Una pagnotta di pane non è un piatto sontuoso, ma è evidentemente menzionata come un miglioramento della sua dieta carceraria: non è difficile capire perché Geremia temeva di morire in casa di Gionatan. Durante questa più mite prigionia nel tribunale della guardia avvenne l'incidente dell'acquisto del campo di Anathoth, di cui abbiamo trattato in un altro capitolo. Questo basso declino delle fortune del profeta fu l'occasione della rivelazione divina di un futuro glorioso in serbo per Giuda.

Ma questo futuro era ancora remoto, e non sembra essere stato cospicuo nel suo insegnamento pubblico.
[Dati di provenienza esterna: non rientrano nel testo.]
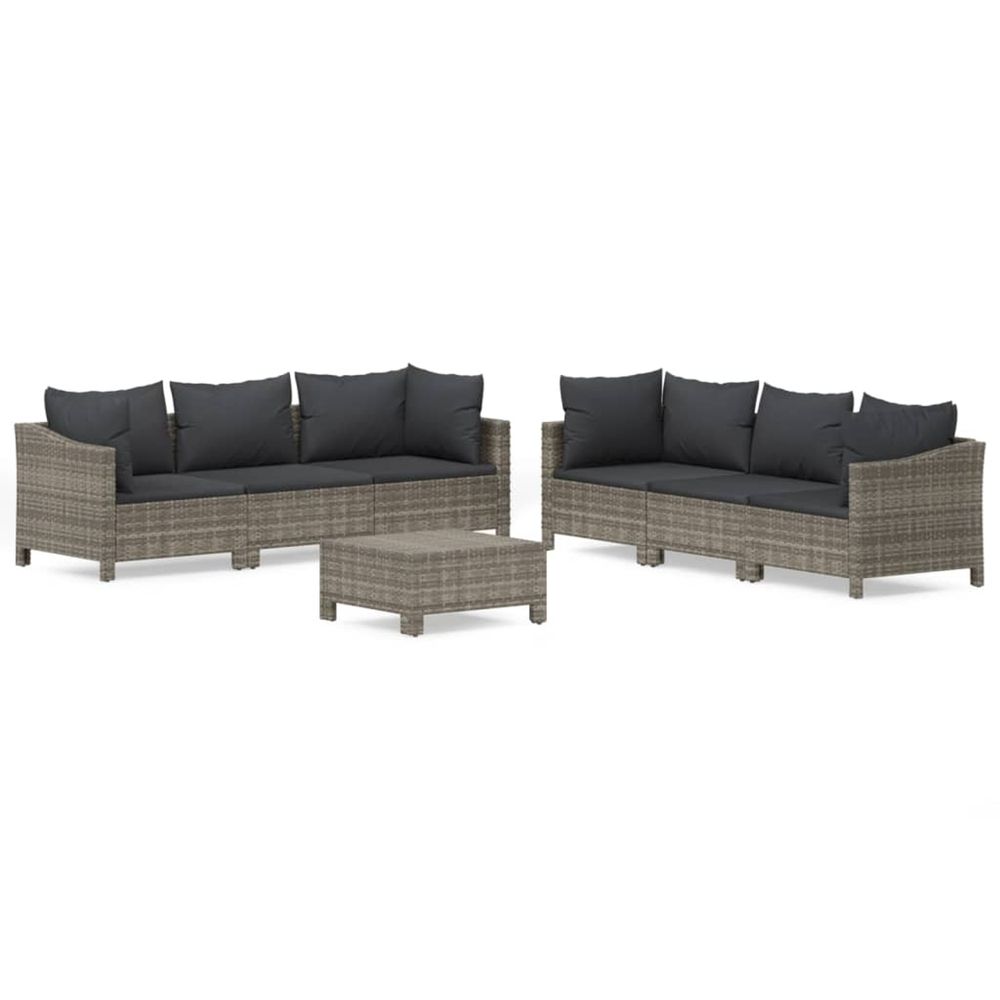 Salon de jardin 7 pcs avec coussins gris résine tressée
Al contrario, Geremia si servì della relativa pubblicità del suo nuovo luogo di detenzione per ribadire alle orecchie di tutto il popolo le cupe predizioni che da tanto tempo erano familiari: "Questa città sarà certamente data nelle mani dell'esercito del re di Babilonia». Esortò di nuovo i suoi ascoltatori a disertare in favore del nemico: "Chi dimora in questa città morirà di spada, di fame e di peste; ma chi va ai Caldei vivrà.
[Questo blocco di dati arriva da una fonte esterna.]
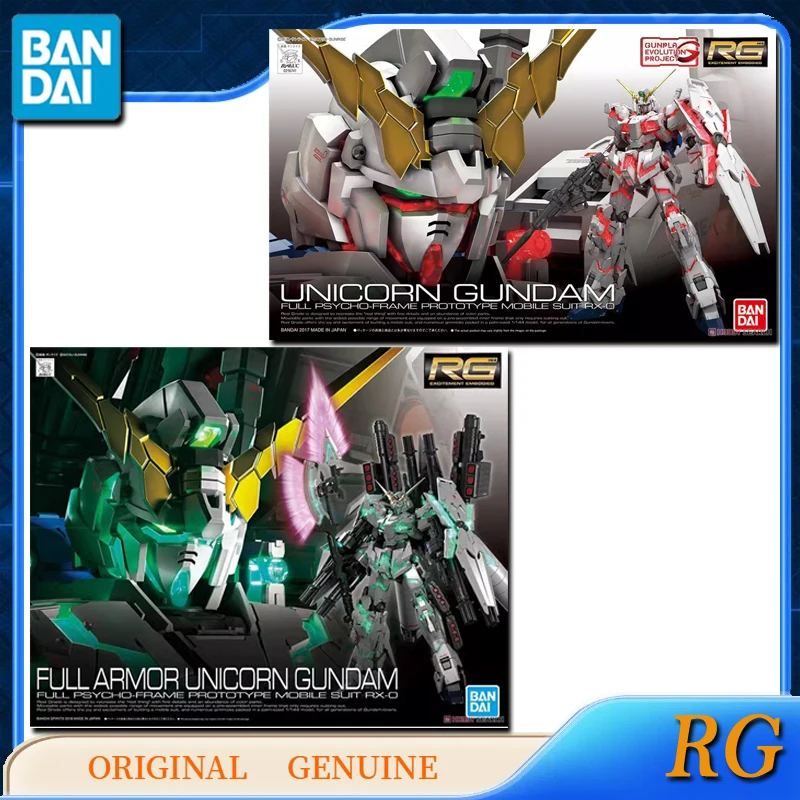 Bandai Original Genuine RG FULL ARMOR UNICORN GUNDAM Anime Action Figures Toys for Boys Girls Kids Gift  Model Ornaments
"Non possiamo che ammirare lo splendido coraggio del prigioniero solitario, impotente nelle mani dei suoi nemici e tuttavia sfidandoli apertamente. Ha lasciato ai suoi avversari solo due alternative, o consegnare il governo nelle sue mani oppure farlo tacere. Geremia nella corte della guardia stava realmente conducendo una lotta in cui nessuna delle parti né voleva né poteva cedere, stava cercando di ravvivare le energie dei partigiani di Babilonia, affinché potessero sopraffare il governo e consegnare la città a Nabucodonosor.

Se ci fosse riuscito, i principi avrebbero avuto poco da fare. Hanno risposto con la pronta energia di uomini che lottano per la propria vita. Nessun governo che conducesse la difesa di una fortezza assediata avrebbe potuto tollerare Geremia per un momento. Quale sarebbe stato il destino di un politico francese che avrebbe dovuto spingere i parigini a disertare in favore dei tedeschi durante l'assedio del 1870? Il precedente tentativo dei principi di trattare con Geremia era stato sventato dal re; questa volta cercarono di provvedere in anticipo a qualsiasi ingerenza offensiva da parte di Sedechia. Gli hanno estorto una sanzione per il loro procedimento.

"Allora i principi dissero al re: Lascia che quest'uomo, ti preghiamo, sia messo a morte: poiché egli indebolisce le mani dei soldati che sono rimasti in questa città e di tutto il popolo, dicendo loro queste parole: poiché quest'uomo non cerca il benessere di questo popolo, ma il male". Certamente la parola di Geremia è stata sufficiente a togliere il cuore ai soldati più coraggiosi; la sua predicazione avrebbe presto reso impossibile un'ulteriore resistenza.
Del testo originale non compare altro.